At the end of October I wrote that I was deep in a depression spiral and due to unexpected occurrences I had been left with basically no income for several months. I had emptied my savings at that point and was feeling extremely stressed, sick and hopeless.
I just want to thank everyone who reached out and offered support or even looked up my ko-fi info and sent me a donation. It was an unfathomably kind thing to do and helped me tremendously. I'm not exaggerating when I say that I was at the end of my tether, I had 1,70€ in my bank account at that moment. I was sleeping four hours per night on average because my insomnia was so out of control, and had more or less stopped eating, after surviving on nothing but porridge, bread, apples and buttered pasta for close to a month. Things were kind of dire. No one has ever showed me that kind of unprompted generosity before, irl or online. Thinking that people I've never even met were willing to support me like that both warms my heart and makes me feel kind of guilty and undeserving. I'm not used to being treated like that. I hope I didn't make you feel pressured to get involved. It did genuinely help me put myself back together though. The next day I went and bought some essential groceries and getting to eat properly was a massive boost in terms of energy and mood. I'm doing a little better now. I finally managed to get the financial situation corrected, but it'll take months before my finances recover and I'll be able to go shopping without feeling paranoid about counting every cent and hating myself if I buy a small treat. I mentioned that my seven years old, well-served laptop is on it's last legs, so the remaining funds are going towards putting together a new PC, hopefully soon. I don't really have any product or extra content to offer you as a thank you for the ko-fi donations I received, but I hope it's at least nice to think that they're directly enabling me to continue making more art in the future.

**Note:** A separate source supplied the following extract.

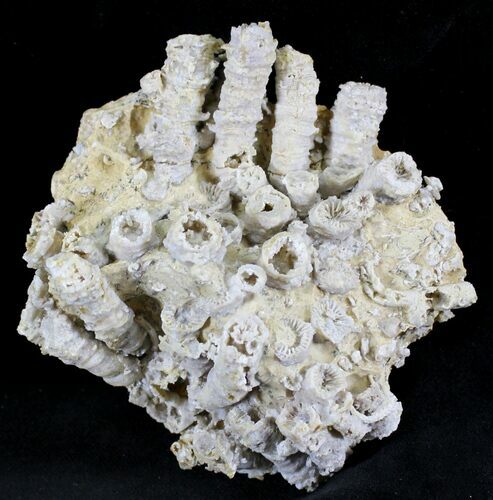 Jurassic Aged Fossil Coral Colony - Germany #24761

I'm still struggling with intense anxiety every day, and it has caused me to develope some kind of impostor syndrome that is impacting my online presence negatively at the moment. I look at the things I try to draw and the asks I get, and feel like nothing I create, say or write is good enough or worth people's time and attention. I'm having hard time opening up like I used to, and I miss the interactions I used to have here, they were an immense source of inspiration and motivation to me. But I'm trying to work on that, and hoping that posting stuff will start to feel more natural again eventually. This got a little long, but thanks for reading! I hope life treats you well.